Maybe Hawkings wheelchair battery died, and you are at the bus stop. What’s he going to do? Say no? See, he would never say no…because of the implication.
Feynman, he was a blast to listen to
Einstein.
He was a generally great guy and had very progressive social views, so it would be fun to talk to him about the current state of the world.
Also a lot of his theories around relativity and theories of quantum physics have been proven recently. It would be amazing to see his mind be blown when he realises both sides were right and what that means for how a theory of everything needs to look like.
To say he was a generally great guy really overlooks how awful he was to women. He was no doubt brilliant, but he had some very serious character flaws. And unfortunately, he had an echo chamber of peers and a rockstar celebrity status that only worked to reinforce his shitty behavior and backwards views. It’s not super uncommon for brilliant people to be absolutely nightmares on a personal level.
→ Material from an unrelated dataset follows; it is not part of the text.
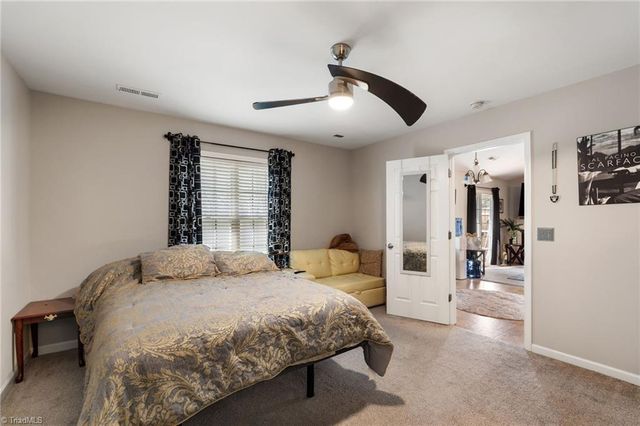 5137 Mount Hope Drive, Winston-salem, NC 27107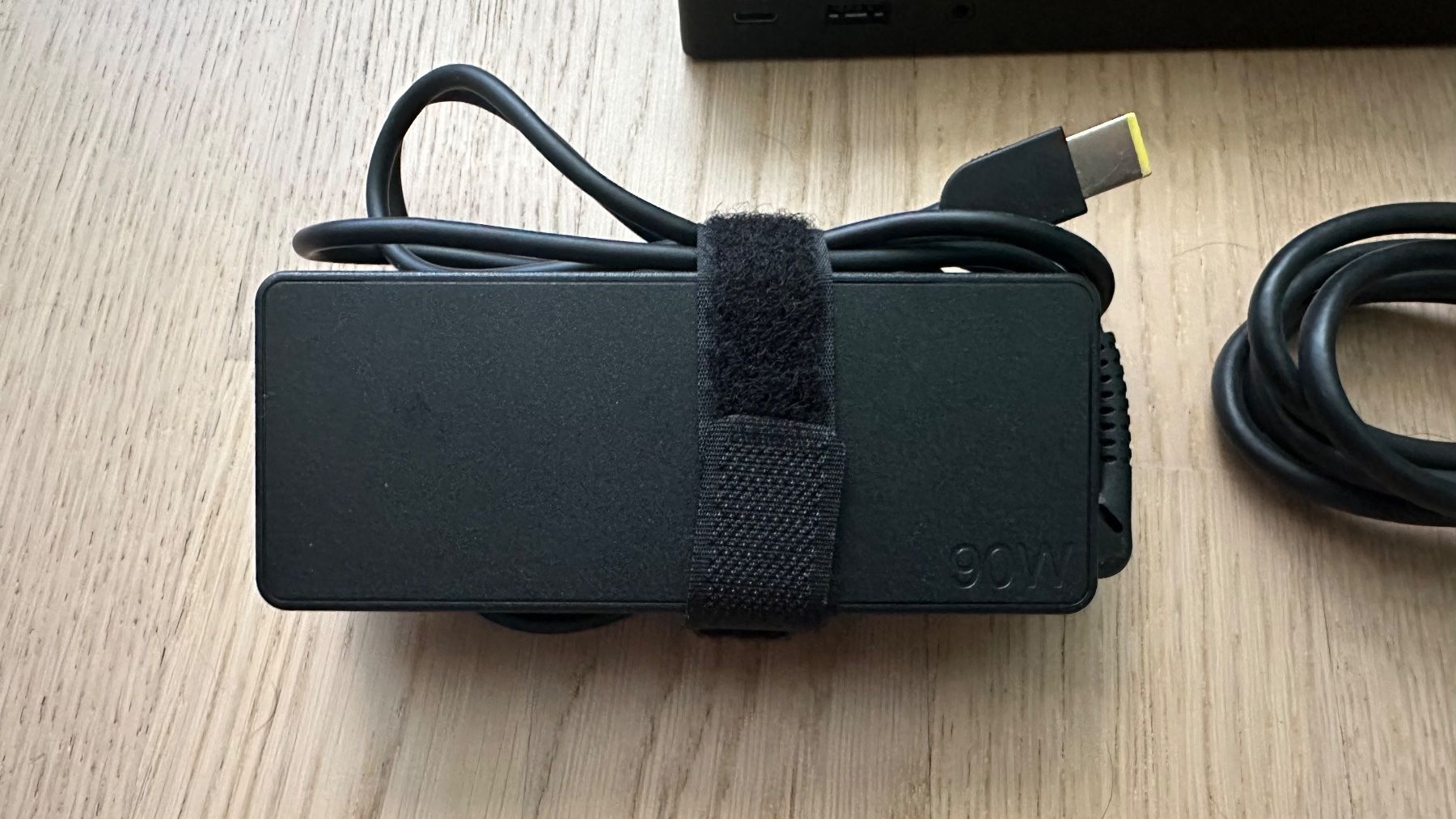 Lenovo Docking station: Lenovo ThinkPad Docking Station 90W Netzteil USB-C – Usato da Pfäffikon ZH venduto da narteq 1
Imagine being an absolutely brilliant scientist that gets married only to be completely forbidden from science and the things you love, and then reduced to being a maid for a madman with tons of insanely particular demands.
Yeah I’d love to discuss just the world and life with him.
Curie would be fun too.
Keep Newton away from me. And wasn’t hawking on the epstein island?
As far as ones who actually did things there I’m not sure that Hawking would have even been physically capable at a point where he was famous.
Hawking left his wife for his much younger nurse. Then, 20 years later, he left her for another much younger nurse. Proving that not only does nature abhor a vacuum, but that some people are only happy when someone else is doing the sucking.
Hawking was such a feminist he didn’t want to see women get on their knees.
And he was so smart he figured out kids don’t have to!
Feynman didn’t even write his books
I’d go for Leonardo. The others - while I understand things at a basic level - I’d likely not be able to understand most of their fields.
Maybe Tesla but I’m not sure if the conversation would end up centered around some of the neat science stuff I could grasp or pigeons with laser-eyes …
while I understand things at a basic level
… including Italian, right? Otherwise it could be a brief chat.
Ok… well we are discussing the fictive ability to speak with somebody who is dead. I’m assuming that whatever necromancy/chronomancy is involved included some sort of translation.
Hell, if it’s necromancy then the only thing we might get out of poor Leo is a “cerveeeeeeelli” before he lunges across the table :-)
I mean it will be three hours either way, even if your are shouting broken Spanish at him.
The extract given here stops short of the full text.